Film 'Jangan Buang Ibu' Debut Perdana Kreator Konten Andri Aan di Dunia Peran

Aktor film 'Jangan Buang Ibu' Andri Aan. Istimewa

Film 'Jangan Buang Ibu' Debut Perdana Kreator Konten Andri Aan di Dunia Peran

whis • 16 June 2026 23:24

Jakarta: Industri perfilman Tanah Air kembali disemarakkan kehadiran nama baru. Andri Aan, seorang pengusaha sekaligus kreator konten dan produser, resmi memulai langkahnya di dunia seni peran. Debut akting perdananya terwujud dalam film keluarga berjudul, Jangan Buang Ibu.

Dalam proyek layar lebar ini, Andri Aan mendapat kesempatan untuk berbagi layar dengan deretan aktor papan atas Indonesia. Di antaranya aktris senior peraih Piala Citra, Nirina Zubir, serta bintang muda berbakat, Saskia Chadwick.

Bagi Andri Aan, peralihan dari dunia bisnis dan pembuatan konten media sosial menuju lokasi syuting film layar lebar menghadirkan pengalaman yang seru sekaligus menantang. Ia mengaku sangat bergairah dapat belajar langsung dari para profesional di industri perfilman.

"Ini pengalaman yang sangat berharga untuk saya. Melihat langsung profesionalisme para pemain senior seperti Nirina Zubir, Saskia Chadwick, dan seluruh cast menjadi pengalaman belajar yang luar biasa," ujar Andri Aan dalam sesi wawancara di Jakarta, Selasa, 16 Juni 2026.

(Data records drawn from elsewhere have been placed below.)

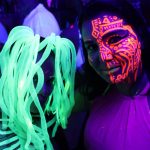 2016 Street Parade, Fantasy Fest, Key West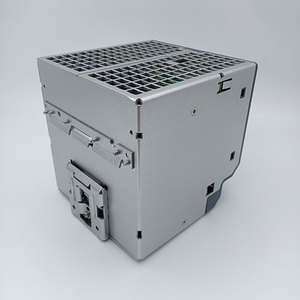 Fuente de Alimentación Ininterrumpida (UPS) SITOP UPS500S 6EP1933-2EC51, Nueva, 100% Original, Libre de Mantenimiento, con Interfaz USB - Product Image 5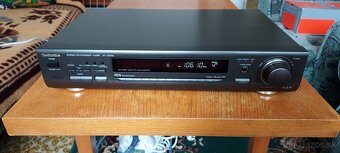TECHNICS ST-GT650 - 7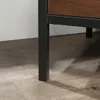 Cómoda - Sauder - Linea Nova Loft en Marrón - Cómodas, Uruguay | Rústico Hogar, vista 4 de 5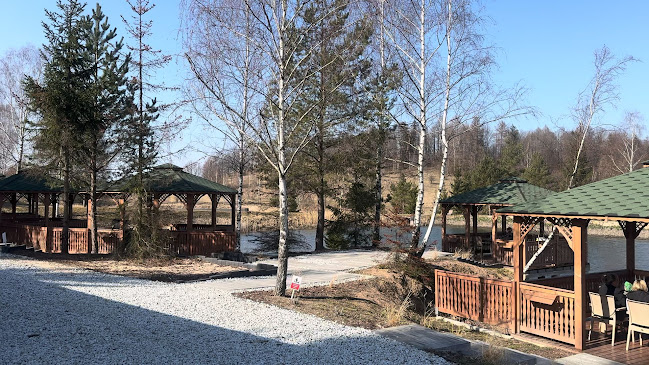 Smażalnia Ryb „U Rybaka” - Gastronomia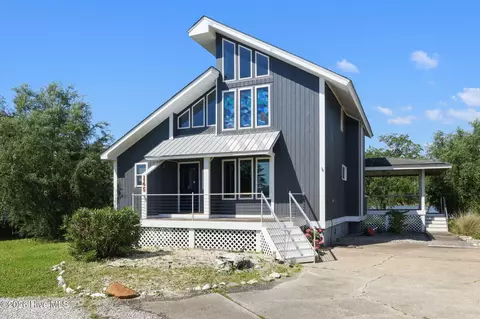 Other - 145 Williston Creek Rd, Williston, NC 28579 photo 12 of 19
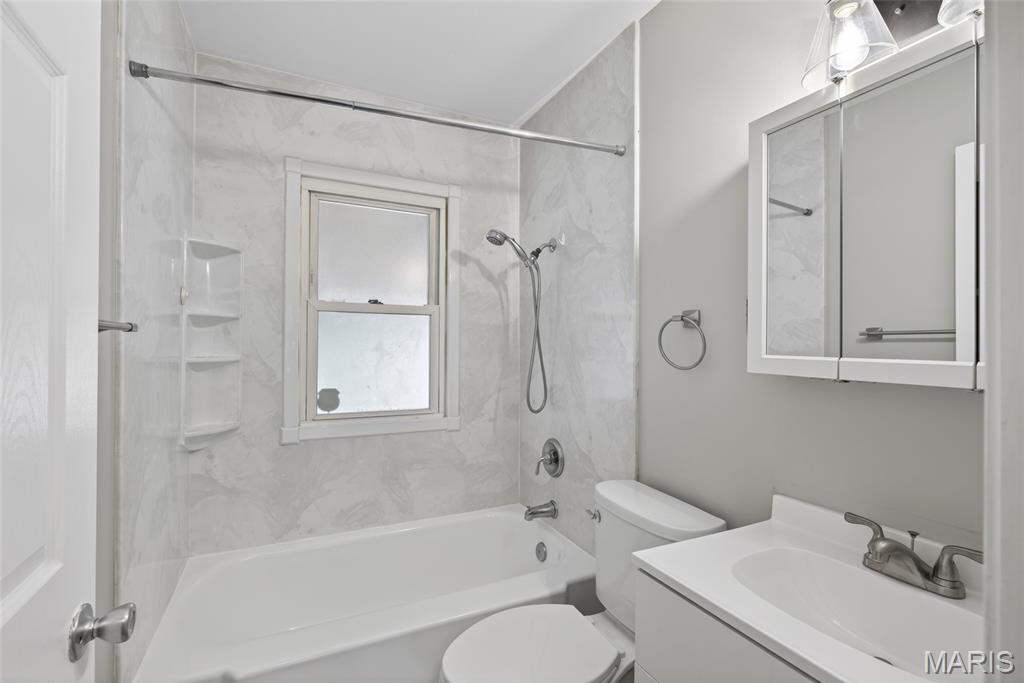 St Ann Park 2 - Residential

Andri Aan menambahkan, dunia akting menuntut kedalaman yang berbeda dibandingkan platform digital yang biasa ia geluti. Ia menyebut tantangan terbesar adalah beradaptasi dengan lingkungan baru yang penuh tuntutan artistik.
 


"Tantangan terbesar bagi saya adalah beradaptasi dengan dunia akting yang sangat berbeda dengan membuat konten di media sosial. Di film, setiap ekspresi, dialog, dan gerakan harus sesuai dengan karakter yang diperankan," jelasnya di kesempatan yang sama.

Dalam film Jangan Buang Ibu, Andri Aan mengambil peran yang cukup unik dan menyegarkan. Ia memerankan karakter seorang anak sekolah yang mengikuti kompetisi cosplay. Meskipun bukan pemeran utama, Andri tetap menunjukkan totalitas tinggi demi menghidupkan karakter tersebut.

"Walaupun porsinya tidak besar, saya berusaha memberikan penampilan terbaik dan tetap mendalami karakter sesuai arahan sutradara. Bagi saya, setiap peran adalah kesempatan untuk belajar dan berkembang di dunia perfilman," tutur Andri Aan.

Sebagai pengusaha yang aktif, tantangan lain yang ia hadapi adalah manajemen waktu. Andri harus pandai membagi fokus antara mengelola bisnis dan mengikuti jadwal produksi film yang terkenal detail dan disiplin. Namun, ia menganggap proses ini sebagai batu loncatan yang berharga bagi pengembangan diri.

Pesan Moral tentang Kasih Sayang kepada Ibu

Film Jangan Buang Ibu diprediksi menjadi tontonan yang menguras emosi sekaligus sarat makna kehidupan. Andri Aan berharap pesan yang dibawa film ini dapat sampai ke hati para penonton.

"Menurut saya, Jangan Buang Ibu mengingatkan kita tentang pentingnya menghargai dan menyayangi sosok ibu selagi masih ada kesempatan. Film ini bukan hanya menyajikan cerita yang menyentuh, tetapi juga mengajak penonton untuk lebih peduli terhadap keluarga, terutama orang tua yang sering kali menjadi sosok paling berjasa dalam hidup kita," ucap Andri Aan mengakhiri perbincangan.

Keterlibatan Andri Aan dalam film ini membuktikan batasan dalam berkarya dapat ditembus dengan kerja keras dan kemauan terus belajar. Debutnya di Jangan Buang Ibu menjadi langkah baru dalam perjalanan kariernya di industri kreatif. Setelah dikenal sebagai pengusaha dan kreator konten, kini ia mulai menjajaki dunia perfilman sebagai ruang baru untuk terus belajar dan berkarya.